Last year Norway issued environmental protection orders for a total area almost 40 per cent larger than Vestfold County. "This has been a political priority," says Stein Lier-Hansen, State Secretary at the Ministry of the Environment. The rush of ministerial activity has resulted in 10 new protection orders. The size of the area covered by environmental protection orders in mainland Norway increased from 6.7 per cent to almost 7.4 per cent in 2000.

Worth noting

  • The Swedish Foreign Minister Anna Lindh is quoted as saying that Norway’s relations with the EU will be more difficult in the years ahead. Ms Lindh’s comment is wholly in line with the conclusions in the Government’s report on Europe. (Dagsavisen)
  • The wreck of the "John R" still has between 50 and 200 tonnes of oil left in its aft section. The ship’s owners have given completely incorrect information. (Dagsavisen)
  • The Government will strengthen contingency planning along the Norwegian coast to protect against oil spills, says Fisheries Minister Otto Gregussen. Recent accidents involving the "John R" and "Green Ålesund" have shown that we need to increase safety measures along the coast, he adds. "Our routines are not good enough and our response times are too long," says Mr Gregussen in an interview with NRK, the Norwegian national broadcasting service. The Government is also considering a change in the shipping lanes to force ships further away from the coast. (NTB)
  • Environment Minister Siri Bjerke is worried that the rich will take over the Norwegian mountains with palatial holiday cabins, and is considering the introduction of maximum size limits for new holiday cabins. The Norwegian Mountain Touring Association is extremely happy with the minister’s comments, while the Mayor of Kvitfjell shakes his head in dismay. (Dagsavisen)

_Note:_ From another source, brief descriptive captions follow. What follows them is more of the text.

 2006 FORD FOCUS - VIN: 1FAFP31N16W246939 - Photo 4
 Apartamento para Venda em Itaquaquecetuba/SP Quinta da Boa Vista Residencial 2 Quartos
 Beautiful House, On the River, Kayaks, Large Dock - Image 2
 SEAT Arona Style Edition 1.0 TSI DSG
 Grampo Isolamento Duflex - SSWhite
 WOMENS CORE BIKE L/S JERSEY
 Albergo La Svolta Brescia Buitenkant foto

  • Norwegian public transport policies are completely misguided. Oddvar Nilsen, the leader of the Storting’s Transport Committee, says that the politicians have gone too far in their budget cuts for the public transport sector. (Vårt Land)

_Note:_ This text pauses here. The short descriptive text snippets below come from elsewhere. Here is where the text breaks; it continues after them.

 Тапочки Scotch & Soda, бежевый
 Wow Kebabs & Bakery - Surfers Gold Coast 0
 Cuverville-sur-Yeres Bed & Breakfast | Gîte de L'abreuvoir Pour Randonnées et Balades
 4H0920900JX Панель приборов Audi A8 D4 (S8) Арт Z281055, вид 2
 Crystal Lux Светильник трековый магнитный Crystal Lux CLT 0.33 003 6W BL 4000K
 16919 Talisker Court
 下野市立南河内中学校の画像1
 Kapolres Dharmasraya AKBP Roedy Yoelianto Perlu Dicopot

  • The Norwegian fish farming industry generated a value added of NOK 16.2 billion last year, a rise of 27 per cent on 1999.
  • The Director of Public Prosecutions announced on Wednesday that Per and Veronica Orderud as well as Lars Grønnerød and Kristin Kirkemo Haukeland have been charged with the triple murder at the Orderud family farm in May 1999. (NTB)

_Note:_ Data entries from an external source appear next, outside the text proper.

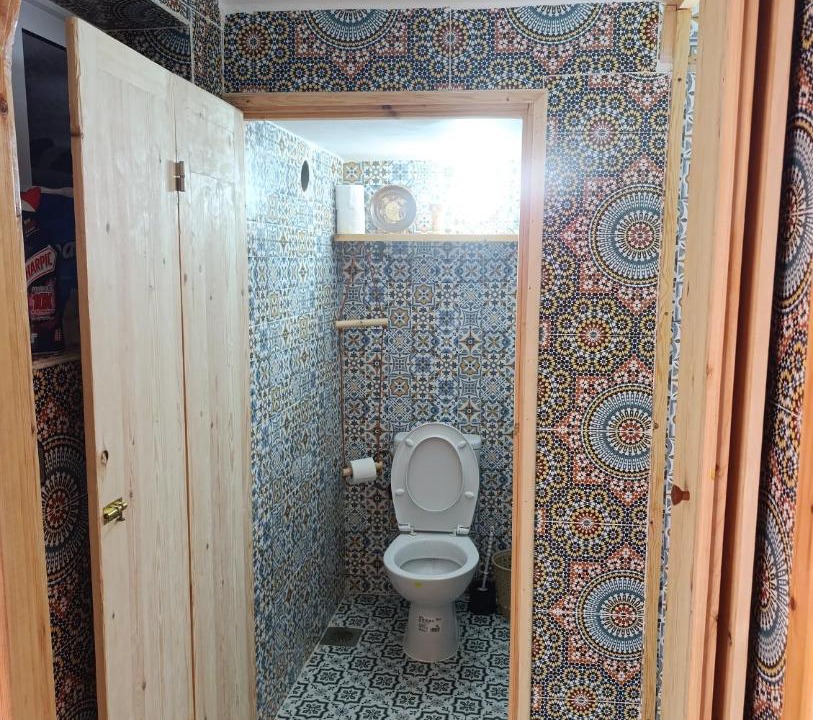 Photo of Bathroom in Sidi Ifni
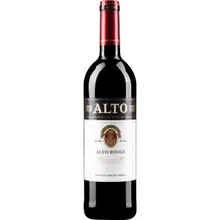 Alto Rouge Alto Rouge
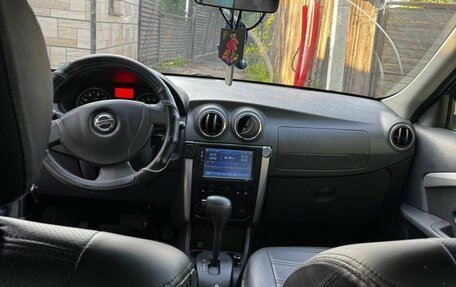 Nissan Almera, 2014 год, 555 000 рублей, 2 фотография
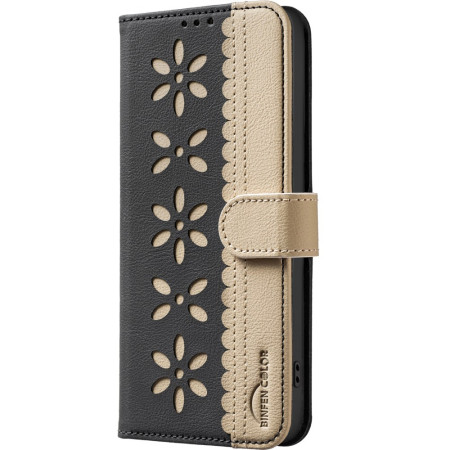 Motorola Edge 60 Pro Funda...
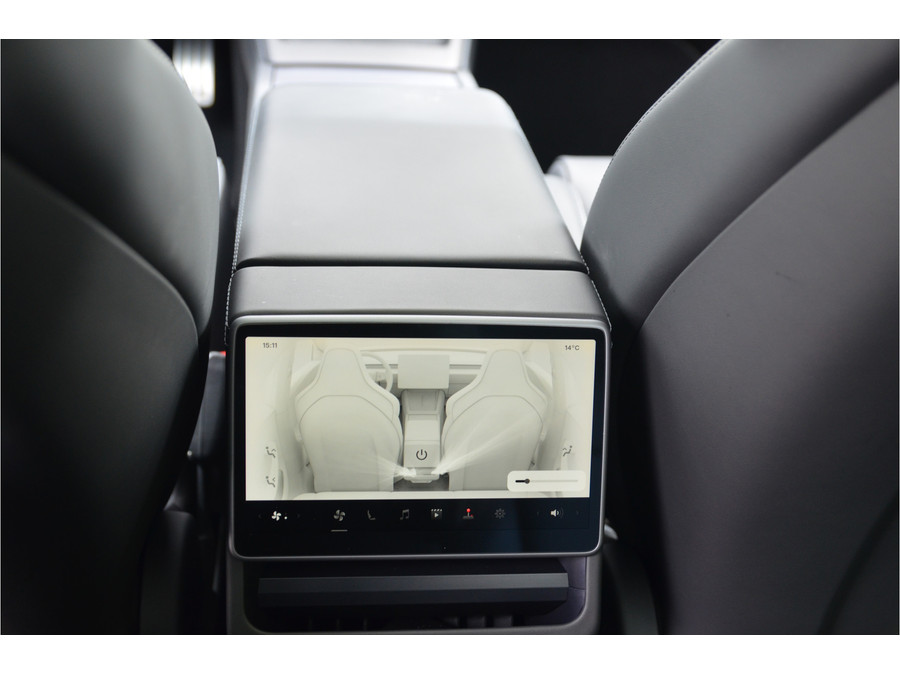 Tesla Model 3 Performance AWD 78 kWh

Today's comment from Dagens Næringsliv

When Labour Party chairman Thorbjørn Jagland proposed that employees should be given time off to train during working hours without loss of pay, the Confederation of Norwegian Business and Industry said it supported the idea in principle. Now the employers’ tune is more negative. Health professionals say that it would take a half-hour’s aerobic training three times a week to achieve any real health benefit. Add on time for showering and changing, and the working week would be reduced by around three hours. And that costs money. But perhaps Mr Jagland is also thinking along those lines. Last autumn the Labour Party and the centre alliance agreed to halve the VAT on greasy, unhealthy food, but impose full VAT on training studios. If all Norwegian employees are to be forced to sign on at these very same training studios, it will provide the Finance Minister with billions in lovely new tax revenues. And the suggestion can be improved even further. Mr Jagland points to the positive effect that physical training – and meditation – during working hours has had on Stockholm’s bus drivers. Here lies another fiscal challenge. The Labour Party has not yet introduced VAT on meditation, but Karl Eirik Schjøtt-Pedersen has probably already got his advisors working on it.